▶ **Problem statement**
Keep every word of the listing and drop the images when you write it out.

▶ **Data**
________________
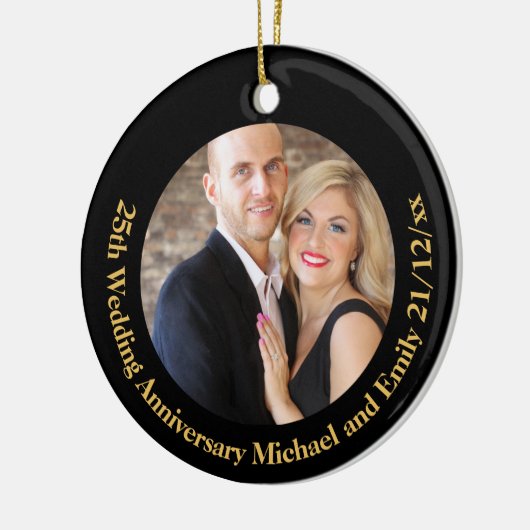 Maak eigen ANNIVERSARY FOTOCADEAU onder $15 Keramisch Ornament (Links)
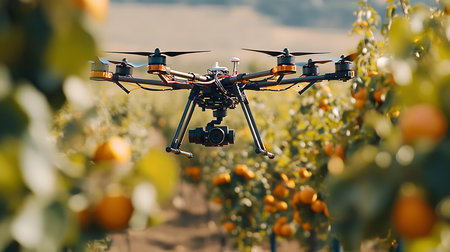 A drone captures stunning aerial footage of an orange orchard showcasing agricultural innovation.の素材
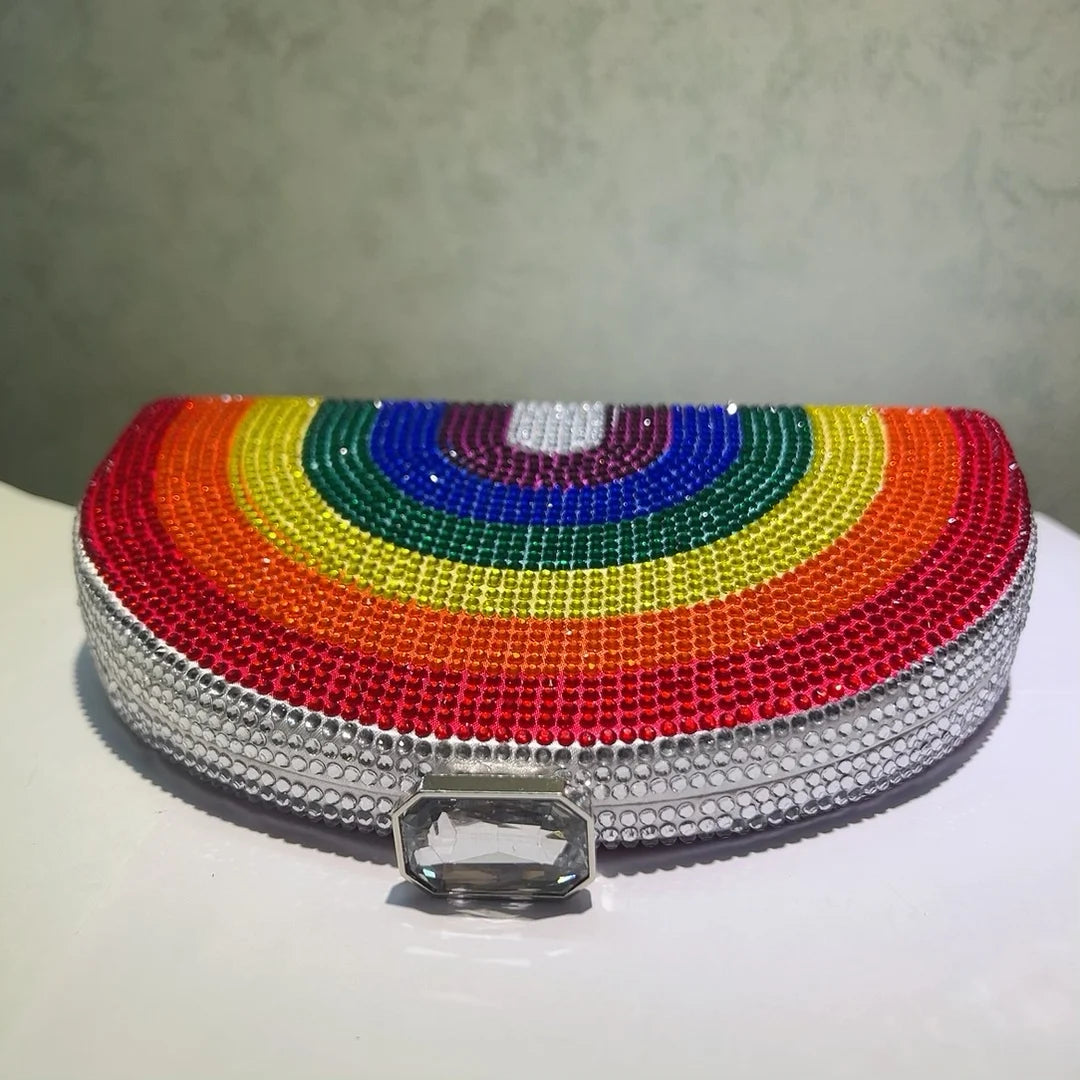 Rainbow Color Crystal Evening Clutch Bags Wedding Party Chain Bag Women Boutique Half Moon Rhinestone Purses And Handbags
________________
▶ **Result of this task**
 Maak eigen ANNIVERSARY FOTOCADEAU onder $15 Keramisch Ornament (Links)
 A drone captures stunning aerial footage of an orange orchard showcasing agricultural innovation.の素材
 Rainbow Color Crystal Evening Clutch Bags Wedding Party Chain Bag Women Boutique Half Moon Rhinestone Purses And Handbags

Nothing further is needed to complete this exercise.